Received-SPF: pass (google.com: domain of linux-kernel-owner@vger.kernel.org designates 23.128.96.18 as permitted sender) client-ip=23.128.96.18;
Date:   Mon, 14 Jun 2021 14:59:12 -0700
From:   Andrew Morton <akpm@linux-foundation.org>
To:     Johannes Weiner <hannes@cmpxchg.org>
Cc:     Roman Gushchin <guro@fb.com>, Tejun Heo <tj@kernel.org>,
        linux-mm@kvack.org, linux-fsdevel@vger.kernel.org,
        linux-kernel@vger.kernel.org, kernel-team@fb.com,
        Dave Chinner <david@fromorbit.com>
Subject: Re: [PATCH 4/4] vfs: keep inodes with page cache off the inode
 shrinker LRU
Message-Id: <20210614145912.feb751df928f38476048ec15@linux-foundation.org>
In-Reply-To: <20210614211904.14420-4-hannes@cmpxchg.org>
References: <20210614211904.14420-1-hannes@cmpxchg.org>
        <20210614211904.14420-4-hannes@cmpxchg.org>
Mime-Version: 1.0
Content-Type: text/plain; charset=US-ASCII
Content-Transfer-Encoding: 7bit
Precedence: bulk

On Mon, 14 Jun 2021 17:19:04 -0400 Johannes Weiner <hannes@cmpxchg.org> wrote:

> Historically (pre-2.5), the inode shrinker used to reclaim only empty
> inodes and skip over those that still contained page cache. This
> caused problems on highmem hosts: struct inode could put fill lowmem
> zones before the cache was getting reclaimed in the highmem zones.
> 
> To address this, the inode shrinker started to strip page cache to
> facilitate reclaiming lowmem. However, this comes with its own set of
> problems: the shrinkers may drop actively used page cache just because
> the inodes are not currently open or dirty - think working with a
> large git tree. It further doesn't respect cgroup memory protection
> settings and can cause priority inversions between containers.
> 
> Nowadays, the page cache also holds non-resident info for evicted
> cache pages in order to detect refaults. We've come to rely heavily on
> this data inside reclaim for protecting the cache workingset and
> driving swap behavior.

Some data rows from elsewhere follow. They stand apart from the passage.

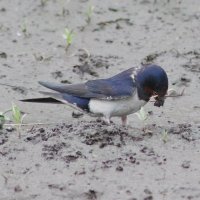 Строительство  гнезда (серия) :: Любовь Сахарова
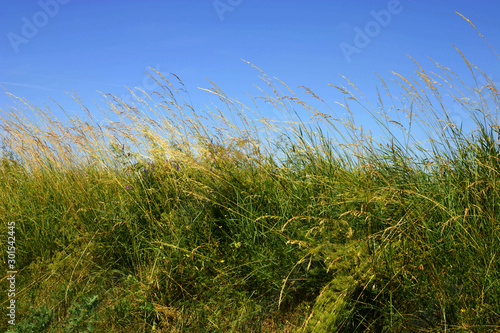tall grass and blue sky background  high grass on wind under azure blue sky in summer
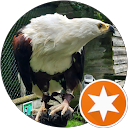 Victoria K profile picture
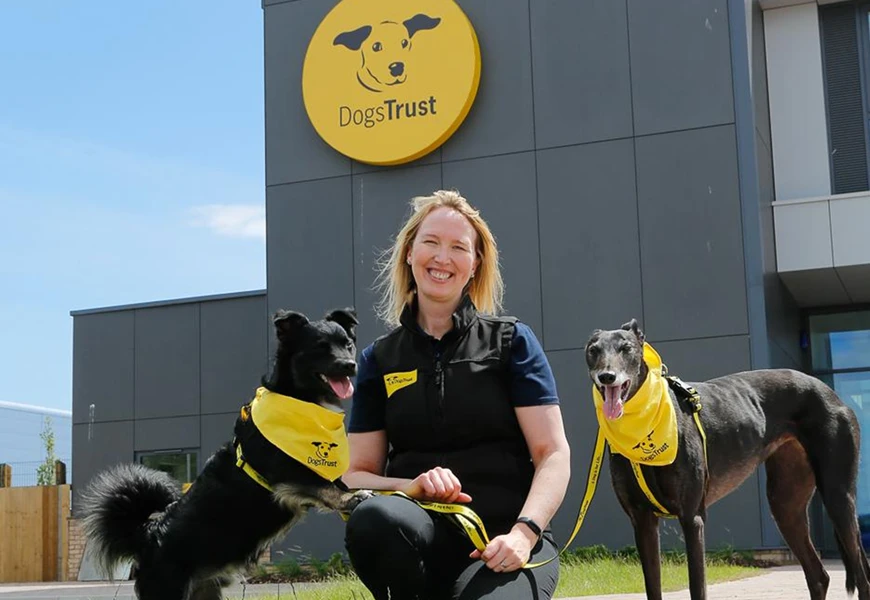 Two happy dogs with a member of the Dogs trust team at a rehoming centre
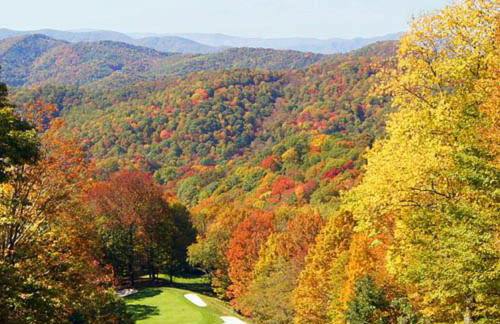 Timber Ridge Retreat - Foto 44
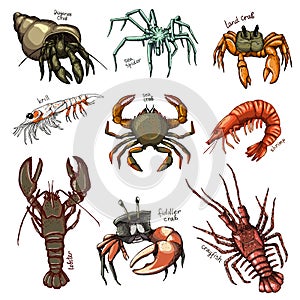 Crustacean vector crab prawns ocean lobster and crawfish or crayfish seafood illustration crustaceans set of sea animals photo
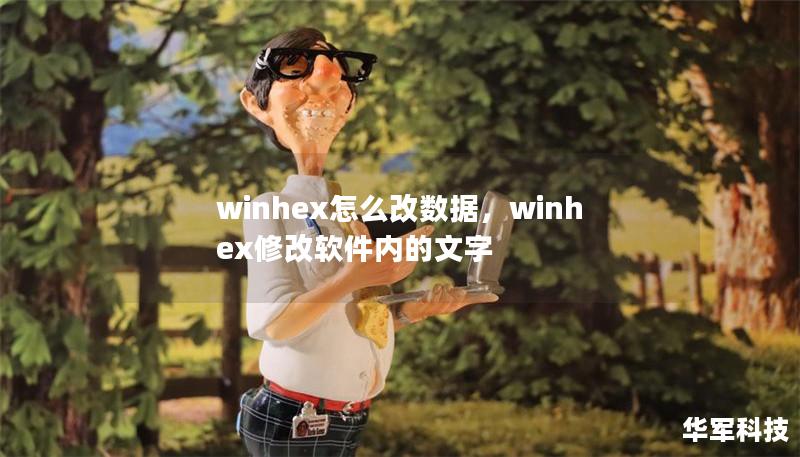 winhex怎么改數據，winhex修改軟件內的文字
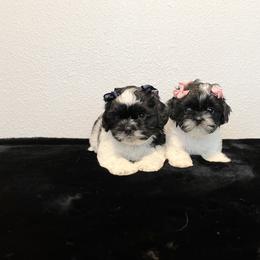 Mal-Shi Puppies from NC Stellar Puppies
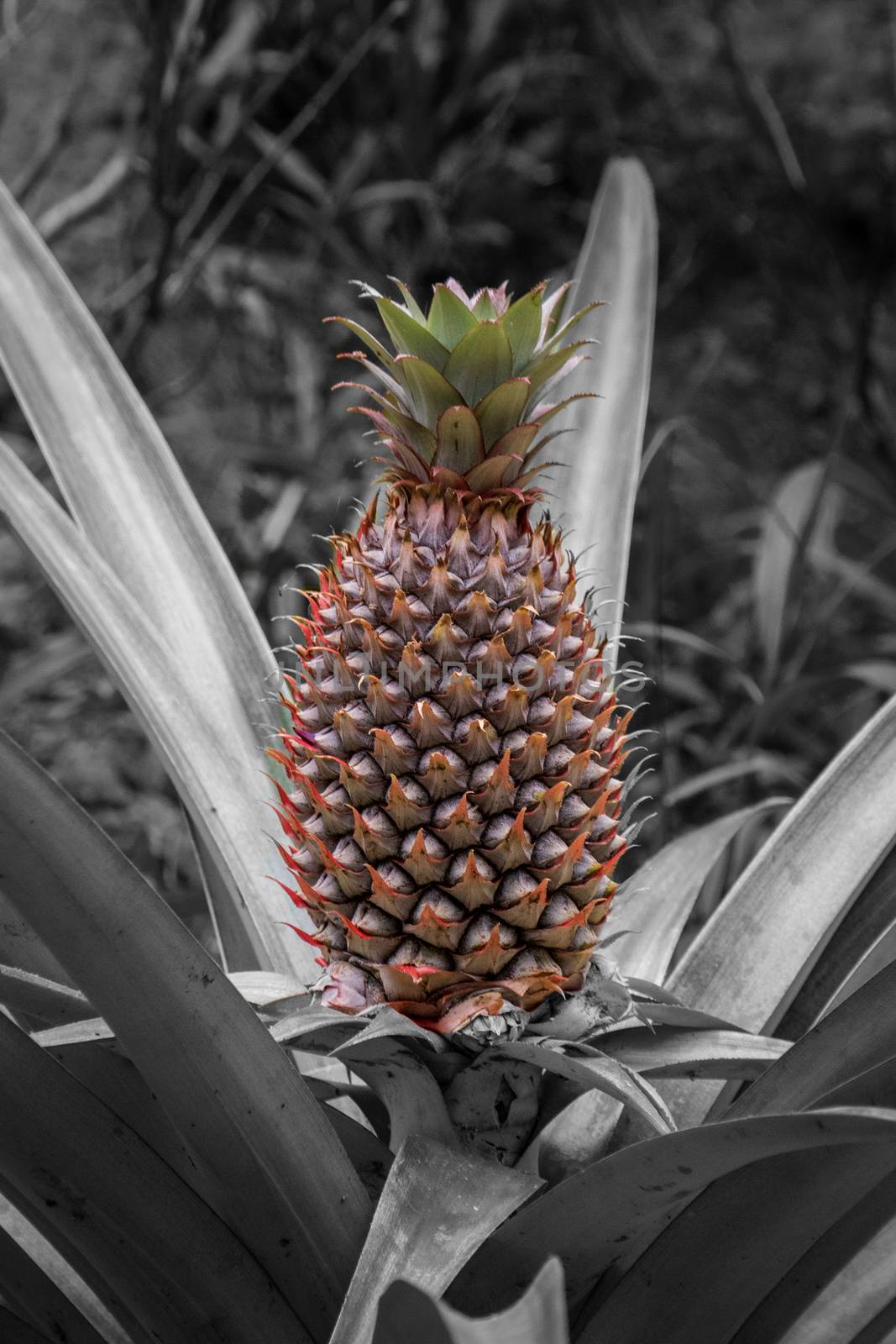 Growing pineapple not harvested yet white black and white background by MXW_Stock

We also use it to quantify and report workload
> health through psi. The latter in turn is used for fleet health
> monitoring, as well as driving automated memory sizing of workloads
> and containers, proactive reclaim and memory offloading schemes.
> 
> The consequences of dropping page cache prematurely is that we're
> seeing subtle and not-so-subtle failures in all of the above-mentioned
> scenarios, with the workload generally entering unexpected thrashing
> states while losing the ability to reliably detect it.
> 
> To fix this on non-highmem systems at least, going back to rotating
> inodes on the LRU isn't feasible. We've tried (commit a76cf1a474d7
> ("mm: don't reclaim inodes with many attached pages")) and failed
> (commit 69056ee6a8a3 ("Revert "mm: don't reclaim inodes with many
> attached pages"")). The issue is mostly that shrinker pools attract
> pressure based on their size, and when objects get skipped the
> shrinkers remember this as deferred reclaim work. This accumulates
> excessive pressure on the remaining inodes, and we can quickly eat
> into heavily used ones, or dirty ones that require IO to reclaim, when
> there potentially is plenty of cold, clean cache around still.
> 
> Instead, this patch keeps populated inodes off the inode LRU in the
> first place - just like an open file or dirty state would. An
> otherwise clean and unused inode then gets queued when the last cache
> entry disappears. This solves the problem without reintroducing the
> reclaim issues, and generally is a bit more scalable than having to
> wade through potentially hundreds of thousands of busy inodes.
> 
> Locking is a bit tricky because the locks protecting the inode state
> (i_lock) and the inode LRU (lru_list.lock) don't nest inside the
> irq-safe page cache lock (i_pages.xa_lock). Page cache deletions are
> serialized through i_lock, taken before the i_pages lock, to make sure
> depopulated inodes are queued reliably. Additions may race with
> deletions, but we'll check again in the shrinker. If additions race
> with the shrinker itself, we're protected by the i_lock: if
> find_inode() or iput() win, the shrinker will bail on the elevated
> i_count or I_REFERENCED; if the shrinker wins and goes ahead with the
> inode, it will set I_FREEING and inhibit further igets(), which will
> cause the other side to create a new instance of the inode instead.
> 

And what hitherto unexpected problems will this one cause, sigh.

How exhaustively has this approach been tested?